■ **Exercise directions**: Emit an exact copy of the lines running from the start of the records to the line containing "Press Remove data. Press Remove data.", both included.

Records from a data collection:
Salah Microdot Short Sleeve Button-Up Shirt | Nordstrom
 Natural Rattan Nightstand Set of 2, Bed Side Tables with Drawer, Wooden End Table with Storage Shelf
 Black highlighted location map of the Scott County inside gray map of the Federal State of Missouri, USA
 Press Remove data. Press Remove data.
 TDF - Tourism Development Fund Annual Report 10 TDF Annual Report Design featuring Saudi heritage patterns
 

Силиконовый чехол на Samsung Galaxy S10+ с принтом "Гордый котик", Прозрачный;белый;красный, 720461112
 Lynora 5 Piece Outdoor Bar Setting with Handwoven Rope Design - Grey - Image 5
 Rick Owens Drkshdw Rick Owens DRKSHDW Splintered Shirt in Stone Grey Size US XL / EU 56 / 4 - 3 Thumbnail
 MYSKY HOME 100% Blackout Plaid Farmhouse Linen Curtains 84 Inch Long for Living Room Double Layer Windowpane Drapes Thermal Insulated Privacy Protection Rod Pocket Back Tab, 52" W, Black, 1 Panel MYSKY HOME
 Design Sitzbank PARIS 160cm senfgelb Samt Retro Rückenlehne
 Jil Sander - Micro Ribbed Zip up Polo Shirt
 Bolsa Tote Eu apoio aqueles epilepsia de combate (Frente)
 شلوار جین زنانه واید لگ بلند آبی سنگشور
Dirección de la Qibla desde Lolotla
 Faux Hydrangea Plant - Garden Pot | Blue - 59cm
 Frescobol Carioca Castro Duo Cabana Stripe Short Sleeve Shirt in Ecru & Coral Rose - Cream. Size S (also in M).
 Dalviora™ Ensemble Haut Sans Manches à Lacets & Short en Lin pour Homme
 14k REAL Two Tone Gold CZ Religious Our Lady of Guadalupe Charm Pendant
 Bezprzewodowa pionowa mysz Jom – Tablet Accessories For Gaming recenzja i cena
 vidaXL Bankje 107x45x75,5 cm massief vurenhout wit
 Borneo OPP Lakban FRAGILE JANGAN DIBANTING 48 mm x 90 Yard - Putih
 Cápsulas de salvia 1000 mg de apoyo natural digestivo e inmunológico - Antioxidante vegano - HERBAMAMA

■ **Answer to this problem**:
Salah Microdot Short Sleeve Button-Up Shirt | Nordstrom
 Natural Rattan Nightstand Set of 2, Bed Side Tables with Drawer, Wooden End Table with Storage Shelf
 Black highlighted location map of the Scott County inside gray map of the Federal State of Missouri, USA
 Press Remove data. Press Remove data.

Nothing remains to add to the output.